These are the parsing error codes reported in 'deob_index.log'.

Package errors

PKG_NAME

couldn't find the name of the package

SYNOPSIS

couldn't find the synopsis

DESC

couldn't find the description

METHODS

couldn't find any methods

PKG_DUP

This package name occurs more than once

Method errors

FUNCTION

couldn't find the function description

EXAMPLE

couldn't find the example

ARGS

couldn't find the method's arguments

USAGE

couldn't find the usage statement

RETURNS

couldn't find the return values

FREEFORM

This method's documentation doesn't conform to the BioPerl standard of having clearly-labeled fields for title, function, example, args, usage, and returns.

METH_DUP

This method name occurs more than once

CONFIGURATION AND ENVIRONMENT

This software requires:

A working installation of the Berkeley DB

The Berkeley DB comes standard with most UNIX distributions, so you may already have it installed. See http://www.sleepycat.com for more information.

BioPerl

deob_index.pl recursively navigates a directory of BioPerl modules. Note that the BioPerl module directory need not be "installed"; any old location will do. See http://www.bioperl.org for the latest version.

DEPENDENCIES

version, File::Find, DB_File

INCOMPATIBILITIES

None reported.

BUGS AND LIMITATIONS

No bugs have been reported.

deob_index.pl currently expects the sections of POD in a BioPerl module to be in a particular order, namely: NAME, SYNOPSIS, DESCRIPTION, CONSTRUCTORS, ... , APPENDIX. Those sections are expected to be marked with =head1 POD tags, and the documentation for each method is expected to be in =head2 sections in the APPENDIX. The order of SYNOPSIS and DESCRIPTION can be flipped, but this behavior should not be taken as encouragement to do so.

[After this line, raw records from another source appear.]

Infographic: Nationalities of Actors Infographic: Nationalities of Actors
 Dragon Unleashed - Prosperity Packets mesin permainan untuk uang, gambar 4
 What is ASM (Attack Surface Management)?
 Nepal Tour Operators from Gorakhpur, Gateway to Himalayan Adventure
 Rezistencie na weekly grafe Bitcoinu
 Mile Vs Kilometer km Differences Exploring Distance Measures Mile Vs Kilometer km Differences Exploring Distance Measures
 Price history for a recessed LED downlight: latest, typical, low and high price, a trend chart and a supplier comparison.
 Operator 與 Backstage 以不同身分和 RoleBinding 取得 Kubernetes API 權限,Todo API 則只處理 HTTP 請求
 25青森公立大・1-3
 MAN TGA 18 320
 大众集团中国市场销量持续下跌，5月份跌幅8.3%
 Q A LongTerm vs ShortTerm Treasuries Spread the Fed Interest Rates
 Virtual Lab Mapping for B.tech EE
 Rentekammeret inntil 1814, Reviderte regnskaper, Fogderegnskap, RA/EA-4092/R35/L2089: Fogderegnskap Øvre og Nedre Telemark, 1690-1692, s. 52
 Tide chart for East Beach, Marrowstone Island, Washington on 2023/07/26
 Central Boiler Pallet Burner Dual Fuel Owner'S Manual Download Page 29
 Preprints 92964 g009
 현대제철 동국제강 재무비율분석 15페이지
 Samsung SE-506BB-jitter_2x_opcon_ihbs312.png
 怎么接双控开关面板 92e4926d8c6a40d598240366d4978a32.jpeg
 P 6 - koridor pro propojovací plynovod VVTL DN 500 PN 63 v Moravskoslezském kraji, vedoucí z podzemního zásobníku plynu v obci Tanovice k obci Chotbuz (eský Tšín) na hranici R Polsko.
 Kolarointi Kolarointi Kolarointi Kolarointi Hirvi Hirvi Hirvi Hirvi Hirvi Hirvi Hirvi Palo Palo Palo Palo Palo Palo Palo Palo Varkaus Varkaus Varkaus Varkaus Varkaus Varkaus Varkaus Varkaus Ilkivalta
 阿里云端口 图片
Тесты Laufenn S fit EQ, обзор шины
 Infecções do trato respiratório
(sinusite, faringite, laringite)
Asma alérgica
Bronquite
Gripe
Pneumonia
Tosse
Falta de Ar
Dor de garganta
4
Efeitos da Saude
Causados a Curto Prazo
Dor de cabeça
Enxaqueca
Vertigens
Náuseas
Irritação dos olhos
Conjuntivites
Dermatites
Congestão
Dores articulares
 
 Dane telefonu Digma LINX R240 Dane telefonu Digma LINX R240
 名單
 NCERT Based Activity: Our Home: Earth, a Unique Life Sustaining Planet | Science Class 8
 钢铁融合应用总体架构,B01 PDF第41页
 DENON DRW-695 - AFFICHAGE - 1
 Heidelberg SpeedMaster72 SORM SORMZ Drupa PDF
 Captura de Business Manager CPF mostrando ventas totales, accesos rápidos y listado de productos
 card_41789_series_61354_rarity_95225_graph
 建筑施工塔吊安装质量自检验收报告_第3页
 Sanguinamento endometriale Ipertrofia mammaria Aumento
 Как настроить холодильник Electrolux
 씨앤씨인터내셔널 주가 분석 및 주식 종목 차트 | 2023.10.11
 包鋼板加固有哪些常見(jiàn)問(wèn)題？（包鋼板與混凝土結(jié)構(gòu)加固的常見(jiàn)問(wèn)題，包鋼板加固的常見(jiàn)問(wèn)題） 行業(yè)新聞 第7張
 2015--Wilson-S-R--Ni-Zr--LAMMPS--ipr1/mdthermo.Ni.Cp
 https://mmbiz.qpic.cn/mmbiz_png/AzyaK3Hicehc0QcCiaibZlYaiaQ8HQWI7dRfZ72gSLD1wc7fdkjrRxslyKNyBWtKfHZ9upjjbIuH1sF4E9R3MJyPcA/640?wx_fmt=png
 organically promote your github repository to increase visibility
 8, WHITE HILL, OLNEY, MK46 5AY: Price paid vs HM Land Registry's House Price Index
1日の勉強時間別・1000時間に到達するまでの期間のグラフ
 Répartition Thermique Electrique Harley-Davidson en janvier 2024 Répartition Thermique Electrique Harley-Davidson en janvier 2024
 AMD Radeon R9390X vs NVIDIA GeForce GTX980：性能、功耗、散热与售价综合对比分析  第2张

Most, but not all BioPerl modules conform to this standard. Those that do not will cause deob_index.pl to report them as errors. Although the consistency of this standard is desirable for end-users of the documentation, this code probably needs to be a little bit more flexible (patches welcome!).

This software has only been tested in a UNIX environment.

FEEDBACK

Mailing Lists

User feedback is an integral part of the evolution of this and other Bioperl modules. Send your comments and suggestions preferably to one of the Bioperl mailing lists. Your participation is much appreciated.

bioperl-l@bioperl.org                       - General discussion
http://www.bioperl.org/wiki/Mailing_lists   - About the mailing lists

Reporting Bugs

Report bugs to the Bioperl bug tracking system to help us keep track the bugs and their resolution. Bug reports can be submitted via the web:

http://bugzilla.bioperl.org/

SEE ALSO

Deobfuscator, deob_interface.cgi, deob_detail.cgi

AUTHOR

Dave Messina <dave-pause@davemessina.net>

CONTRIBUTORS

Laura Kavanaugh
David Curiel

ACKNOWLEDGMENTS

This software was developed originally at the Cold Spring Harbor Laboratory's Advanced Bioinformatics Course between Oct 12-25, 2005. Many thanks to David Curiel, who provided much-needed guidance and assistance on this project.

LICENSE AND COPYRIGHT

Copyright (C) 2005-6 Laura Kavanaugh and Dave Messina. All Rights Reserved.

This module is free software; you may redistribute it and/or modify it under the same terms as Perl itself. See perlartistic.

DISCLAIMER

This software is provided "as is" without warranty of any kind.